Mucho daño ha habido. El daño no se diluye jamás; se atenúa solo porque el tiempo maldito tiene dentro de sí también su propia bendición, su dosis de cierto olvido. Ese daño es multilateral: ha afectado a las numerosas víctimas, miles de víctimas, no solo aquellas que por desgracia perecieron en esta guerra absurda e inútil y perversa, sino todas aquellas que hay alrededor, los múltiples familiares; pero también la sociedad vasca (y española) entera, que ha vivido el sobresalto con la extrañeza con que Kafka decía que se vivía la propia rabia ante la injusticia.
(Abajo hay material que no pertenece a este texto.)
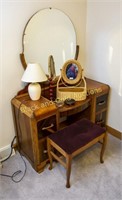 1930s waterfall style vanity with stool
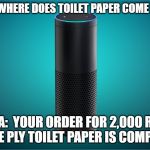 Amazon is genius.  The marketing is complete. | ALEXA WHERE DOES TOILET PAPER COME FROM? ALEXA:  YOUR ORDER FOR 2,000 ROLLS OF ONE PLY TOILET PAPER IS COMPLETE. | image tagged in amazon echo | made w/ Imgflip meme maker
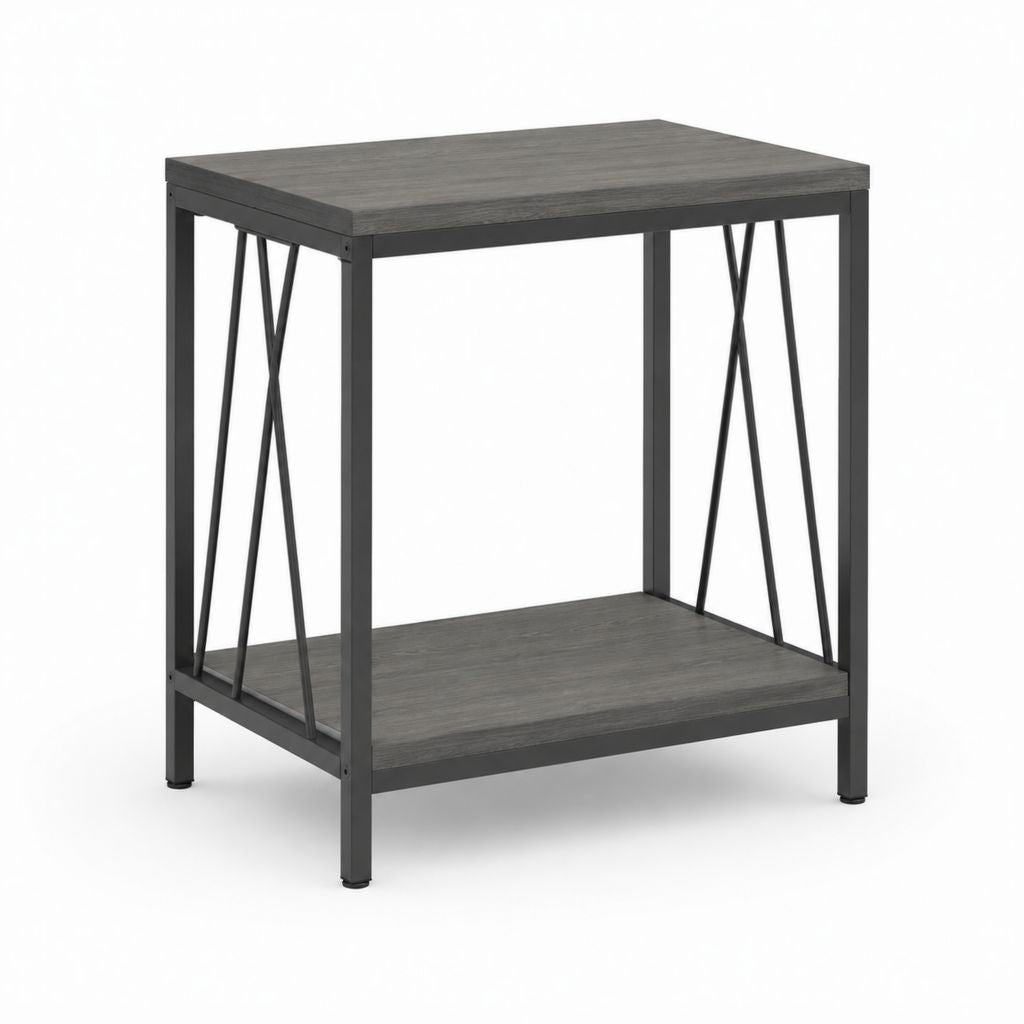 Table d'appoint carrée gris foncé en panneaux MDF et acier 45 x 45 x 55 cm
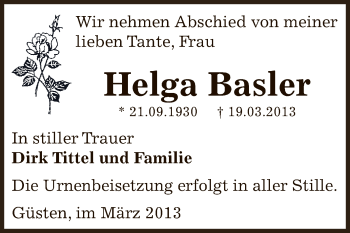 Traueranzeige von Helga Basler von Super Sonntag Bernburg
Los asesinos convirtieron Euskadi en un campo de minas de efecto inmediato y de efecto retardado. Ahora que asoma la paz lo que la sociedad ha de hacer es atenuar los daños, hacer posible otra vez que los ciudadanos hablen en voz alta en los bares y que en las casas las familias discutan otra vez sin temor a que el pariente sea quien levante la voz para cambiar argumento por amenaza.
En esas circunstancias, mientras ocurre esa normalización de la vida en contra del daño, es lógico que indigne esa fotografía que agrupa a los que asesinaron a tantos tantas veces (ese Kubati, por ejemplo, que asesinó a una mujer, Yoyes, en presencia de su hijo menor: no hay espejo peor de la maldad que ese empecinamiento malévolo en el daño), mostrándose en público sin el pudor que requiere el más mínimo arrepentimiento. Hay muchas maneras de dañar; y esta, la de mostrar con arrojo a una colectividad que causó tanto perjuicio en el ánimo de un pueblo y de unos ciudadanos concretos, uno por uno, es una forma muy perversa de ahondar la herida. Esta es una forma de revivir la maldad: masivamente, alevosamente; un grupo de antiguos presos que acaban de ser aliviados de su pena, avivan en público la pena causada. Al daño causado debe seguir o el arrepentimiento o el silencio. Si esta gente que se sometió al retrato público hubiera optado por diluirse en la sociedad cuya paz desmantelaron habrían ahorrado el innecesario y ominoso recuerdo de sus rostros. El tiempo no borra sino que oculta; ellos, apareciendo así, volvieron a interrumpir esta conversación que una vez fue de plomo y que ahora parece que deja entrar otra vez el aire.